* [Exercise instructions]: The answer must be an exact copy of the lines from the one containing "Elephant Statues Home" through the end of the records, with the pictures left out.

* [Captioned web image data]:
• • •

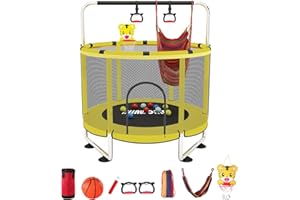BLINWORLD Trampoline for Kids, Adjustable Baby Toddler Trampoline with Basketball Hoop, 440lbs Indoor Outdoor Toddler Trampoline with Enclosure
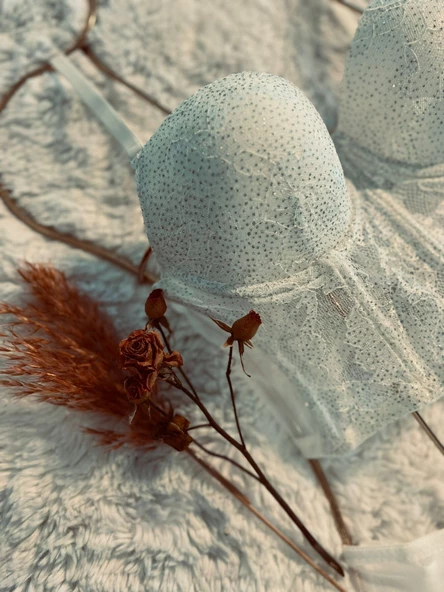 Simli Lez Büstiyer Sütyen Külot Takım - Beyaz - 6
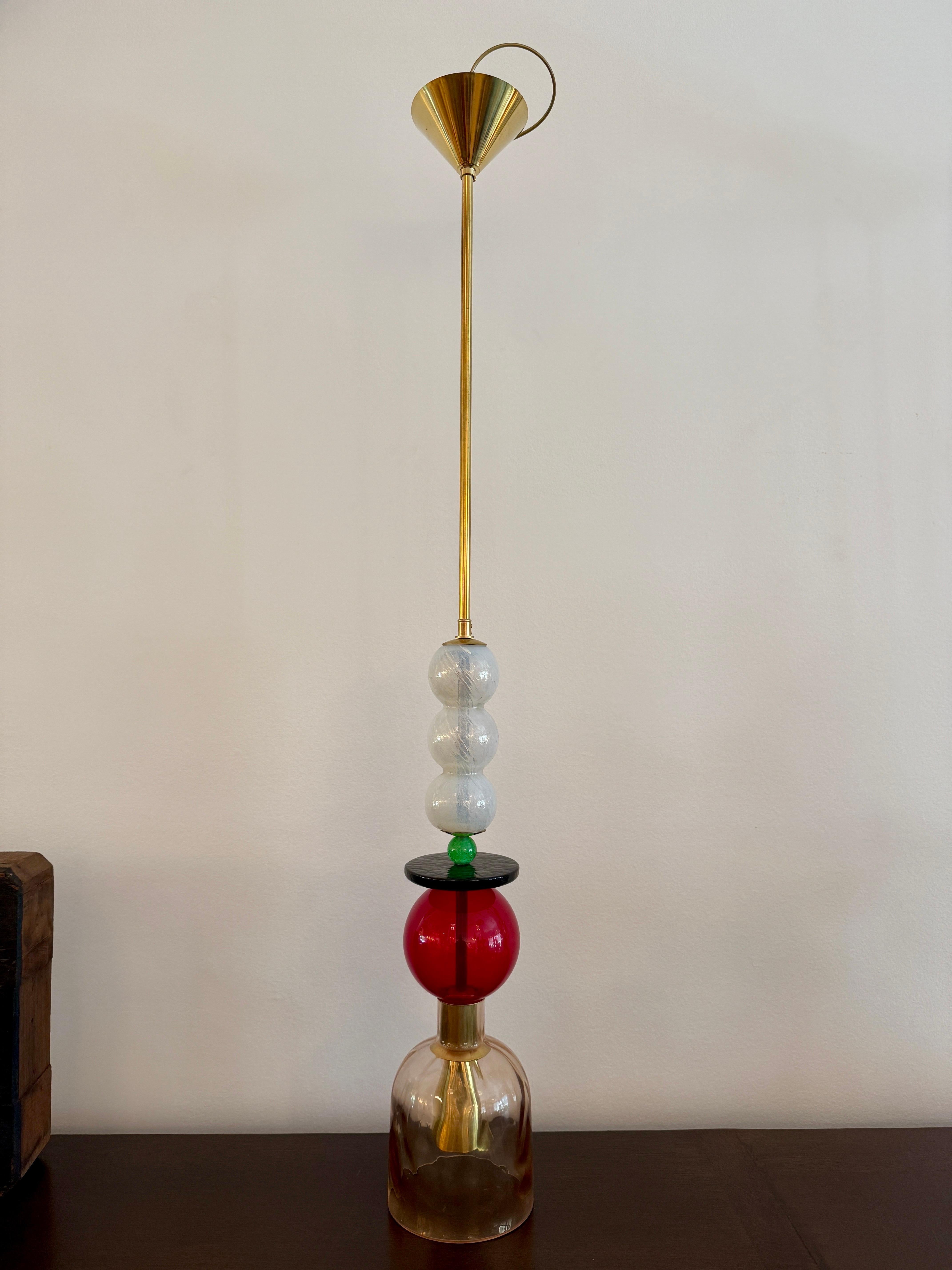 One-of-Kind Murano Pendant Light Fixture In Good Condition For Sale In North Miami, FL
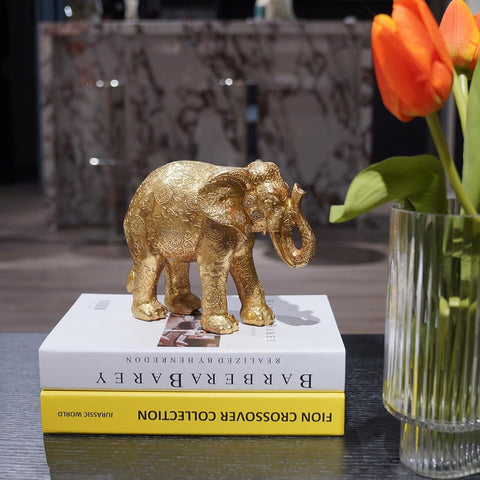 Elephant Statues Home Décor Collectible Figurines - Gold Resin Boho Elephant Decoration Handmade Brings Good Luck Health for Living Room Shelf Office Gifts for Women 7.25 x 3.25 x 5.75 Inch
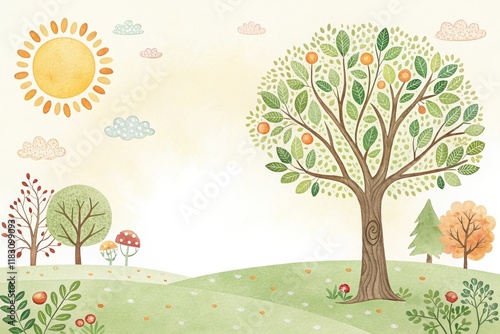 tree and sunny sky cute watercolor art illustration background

• • •

* [Response below]:
 Elephant Statues Home Décor Collectible Figurines - Gold Resin Boho Elephant Decoration Handmade Brings Good Luck Health for Living Room Shelf Office Gifts for Women 7.25 x 3.25 x 5.75 Inch
 tree and sunny sky cute watercolor art illustration background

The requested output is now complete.